In practice, this means a significant part of the industry is already performing structured and defensible carrier vetting, often supported by technology and documented procedures. 

However, there is still a smaller segment of the market relying on a much more limited approach: if a carrier has active FMCSA authority and insurance, the load is dispatched. That approach is increasingly difficult to defend. 

A common misunderstanding in litigation is that FMCSA authority represents a safety endorsement. It does not. It simply means a carrier is allowed to operate in interstate commerce. It does not reflect inspection history, crash risk, safety controls, or overall operational performance. 

Yet in negligent selection cases, some brokers still rely primarily on authority status while overlooking publicly available safety data. That becomes a problem when warning signs are clearly visible in DOT records but not addressed during the selection process. 

Today, brokers have access to extensive safety information through FMCSA databases, CSA scores, inspection histories, crash data, insurance monitoring systems, and third-party risk platforms. And this reality is now well understood not only by attorneys, but also by insurers and courts. 

In many expert reviews of serious accident cases, a pattern often appears: a large portion of brokers already uses structured safety analysis before assigning freight. They review inspection trends, monitor unsafe driving indicators, track out-of-service rates, assess crash history, and document exceptions. These are no longer niche practices—they are increasingly standard across the industry. 

Because of this, the benchmark for “reasonable” behavior is evolving. When much of the market already applies structured vetting, it becomes harder to argue that reviewing available safety data is excessive or impractical. This is how standards of care shift over time: what starts as best practice gradually becomes expected practice. 

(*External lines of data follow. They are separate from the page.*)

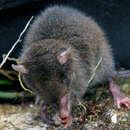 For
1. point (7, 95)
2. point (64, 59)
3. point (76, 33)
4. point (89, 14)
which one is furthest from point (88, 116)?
point (89, 14)

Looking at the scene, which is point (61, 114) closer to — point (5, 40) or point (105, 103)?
point (105, 103)

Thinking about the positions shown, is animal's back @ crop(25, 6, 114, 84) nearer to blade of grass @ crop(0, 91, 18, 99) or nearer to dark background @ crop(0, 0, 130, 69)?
dark background @ crop(0, 0, 130, 69)

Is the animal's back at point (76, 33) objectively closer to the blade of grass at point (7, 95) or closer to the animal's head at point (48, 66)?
the animal's head at point (48, 66)

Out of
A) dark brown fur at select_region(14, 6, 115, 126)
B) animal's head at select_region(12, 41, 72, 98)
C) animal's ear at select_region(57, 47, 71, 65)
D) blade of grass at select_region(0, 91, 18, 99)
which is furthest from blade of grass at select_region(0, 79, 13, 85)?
animal's ear at select_region(57, 47, 71, 65)

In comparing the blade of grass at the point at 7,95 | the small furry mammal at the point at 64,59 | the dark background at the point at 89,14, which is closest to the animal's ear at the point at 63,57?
the small furry mammal at the point at 64,59

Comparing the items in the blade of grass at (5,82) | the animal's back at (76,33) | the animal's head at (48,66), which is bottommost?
the blade of grass at (5,82)

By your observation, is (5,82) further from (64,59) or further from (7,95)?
(64,59) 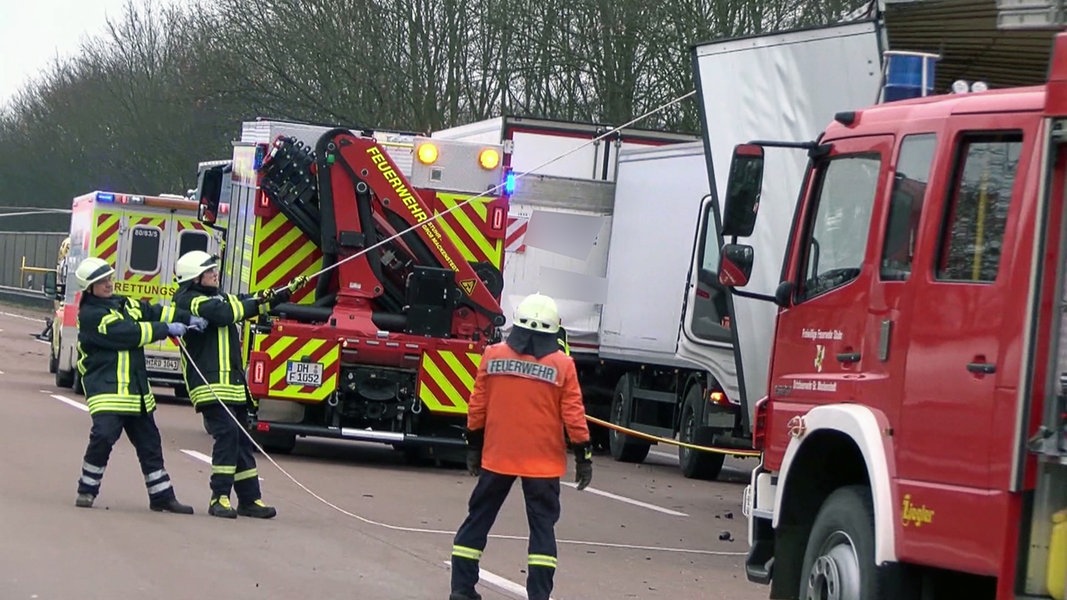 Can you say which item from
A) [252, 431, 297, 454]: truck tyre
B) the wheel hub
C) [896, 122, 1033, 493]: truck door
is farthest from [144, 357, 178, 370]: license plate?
[896, 122, 1033, 493]: truck door

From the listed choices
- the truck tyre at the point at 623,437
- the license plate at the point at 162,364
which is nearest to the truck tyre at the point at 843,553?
the truck tyre at the point at 623,437

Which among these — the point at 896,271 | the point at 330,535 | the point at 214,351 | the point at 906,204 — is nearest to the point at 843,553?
the point at 896,271

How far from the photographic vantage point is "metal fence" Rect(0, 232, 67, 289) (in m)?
58.9

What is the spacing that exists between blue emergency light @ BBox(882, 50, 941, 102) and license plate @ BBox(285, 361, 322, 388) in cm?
825

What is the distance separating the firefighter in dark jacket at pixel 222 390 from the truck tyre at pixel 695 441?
616cm

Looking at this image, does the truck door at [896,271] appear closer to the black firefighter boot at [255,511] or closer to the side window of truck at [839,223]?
the side window of truck at [839,223]

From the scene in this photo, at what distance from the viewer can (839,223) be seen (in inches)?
298

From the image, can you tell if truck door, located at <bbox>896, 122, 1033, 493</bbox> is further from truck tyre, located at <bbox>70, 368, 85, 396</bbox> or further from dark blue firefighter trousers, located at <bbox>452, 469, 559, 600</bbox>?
truck tyre, located at <bbox>70, 368, 85, 396</bbox>

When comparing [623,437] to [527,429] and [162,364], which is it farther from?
[527,429]

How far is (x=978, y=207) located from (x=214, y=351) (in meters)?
6.73

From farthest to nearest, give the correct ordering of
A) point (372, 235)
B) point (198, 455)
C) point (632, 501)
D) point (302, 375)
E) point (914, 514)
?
point (198, 455), point (372, 235), point (302, 375), point (632, 501), point (914, 514)

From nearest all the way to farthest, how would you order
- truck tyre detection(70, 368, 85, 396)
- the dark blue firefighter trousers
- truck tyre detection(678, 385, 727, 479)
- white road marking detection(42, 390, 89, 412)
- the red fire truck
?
the red fire truck → the dark blue firefighter trousers → truck tyre detection(678, 385, 727, 479) → white road marking detection(42, 390, 89, 412) → truck tyre detection(70, 368, 85, 396)

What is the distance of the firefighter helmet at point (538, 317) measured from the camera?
8547mm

Importantly, this does not mean perfection is required. No broker can eliminate all risk or predict every accident. The issue is not precision, but process: whether reasonable judgment was applied using available information. 

There is a clear difference between verifying authority only and making a documented, data-informed carrier selection decision. That difference is increasingly central in negligent selection litigation. 

Another factor reshaping the landscape is the modern jury. Jurors today use data, dashboards, and risk scoring in many aspects of daily life. When presented with evidence showing publicly available ignored safety indicators, they often understand the implications quickly. In contrast, a defence based solely on “the carrier was authorized” can appear incomplete. 

Insurers are also adapting. Underwriters increasingly assess how brokers vet carriers because these practices directly affect claim frequency and severity. Brokers with structured vetting systems, continuous monitoring, and fraud prevention controls tend to be in a stronger position during underwriting and disputes. 

The direction of travel is clear. Broker liability will increasingly revolve around documentation, consistency, and demonstrable safety analysis. The tools already exist, and many brokers are already using them effectively. 

Those who continue to rely only on FMCSA authority while ignoring broader safety data risk falling behind an industry standard that is already evolving around them.